So I am panicked all the time and I’m being so horribly annoying. I am texting them to check on them. I am doing that all the time. If I don’t hear back, I feel panicked, like something for sure happened. And I don’t want to be like a job for them. I don’t want to be something they have to manage. I want to be a resource for them. I don’t want to be a job.
But the world is so scary and I’m trying to understand why I suddenly feel so scared for them out in the world. And I think at the base of it is I have a real ambivalence about life. I feel like, had I thought it through, I’m not sure that I would’ve brought people that I love this much here.
I know that sounds-
Amanda Doyle:
So, life is the wrong itinerary for people that you love that much.
Glennon Doyle:
I think I feel that. I truly feel that. I feel like a person who has taken their favorite people in the entire world and invited them to a party. But you know that feeling when you invite people to a place and then you’re responsible for their experience? You are the one who brought them there. There is horrible people and violence and the world’s… The party. You are responsible for helping them survive this party.
I told Abby recently when she was, I don’t know, somebody mentioned something. And then I immediately got online to send them something that they need, I don’t know, that no one asked for. And I told her I feel like it’s the Hunger Games and I have brought them to the arena. And the only thing I can do is be the person who sends in the provisions. That’s my job. And I don’t think that that is a helpful way of thinking.
I understand that I’m going to need to be in a different place. But I really feel like I wanted to explain what it actually feels like to me in the moment. Because I do think, knowing myself, I’ll get to a better place, but this is what it is now. And I feel like I’m constantly thinking, “I cannot believe that I brought you here for this. And one day I’ll be gone and I’ll just be leaving you at this party.”
Abby Wambach:
Do you think it’s true that the world is all bad?
Glennon Doyle:
I do not think that the world is all bad. I think that being a human being in this particular world in this moment on this planet, or maybe any moment, is much harder than I understood it was when I was 25.
Abby Wambach:
Why? Why do you think that?
Glennon Doyle:
I just think it’s really painful to be on this planet. I’m not having an easy-breezy time. I think at the end of the day that I think it’s like 51% worth it. But it’s not 90 for me.
Amanda Doyle:
Not a slam dunk. It’s a real close game.
Glennon Doyle:
It’s not a slam dunk. And I’m raising deeply feeling people who are paying attention to the world, who are like…
Amanda Doyle:
There’s your problem.
Glennon Doyle:
I recently saw a meme that said, “Somebody asked me about how I feel about recent events and I said, ‘I am against them.'” That’s how I feel.
Amanda Doyle:
I’m con, not pro.
Glennon Doyle:
Right.
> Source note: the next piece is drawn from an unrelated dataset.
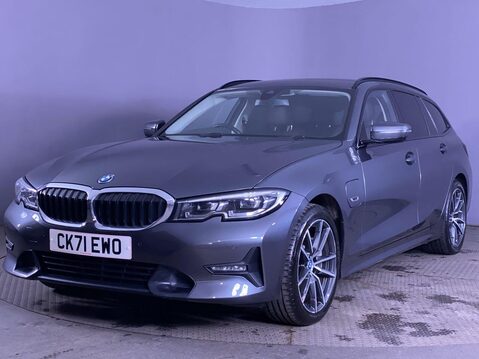 BMW 3 Series 2.0 330e 12kWh Sport Pro Touring 5dr Petrol Plug-in Hybrid Auto Euro 6 (s/s 4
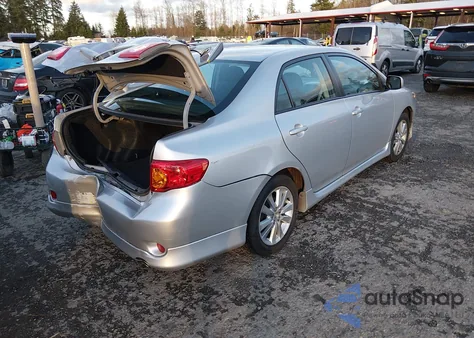 2010 Toyota Corolla S z USA, uszkodzony, nr VIN 1NXBU4EEXAZ374078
And so as an example, the kid was home. I’m spinning a little bit, doing my best to be activated, doing all my things about the world and in particular the Palestine genocide. And I was just trying to present a cozy happy house at that time.
So every time the kid came upstairs, I was off the computer and painting or turning on music so that it would feel… Just trying to create, this kid sits down and what the kid is struggling with is how the world is going on. And everyone’s acting like they don’t care with what’s going on in Palestine. I’m doing the opposite of what the kid needed. That’s how it always is.
Amanda Doyle:
Can I ask a quick question?
Glennon Doyle:
Yes, please. Please.
Amanda Doyle:
As you’re talking, I’m catching threads of a couple of things. And I’m wondering, is the fear that knowing you won’t be able to control or choose what happens to them? Which, to a large extent, you could do when they were young, you could choose what happens to them and choose what doesn’t happen to them.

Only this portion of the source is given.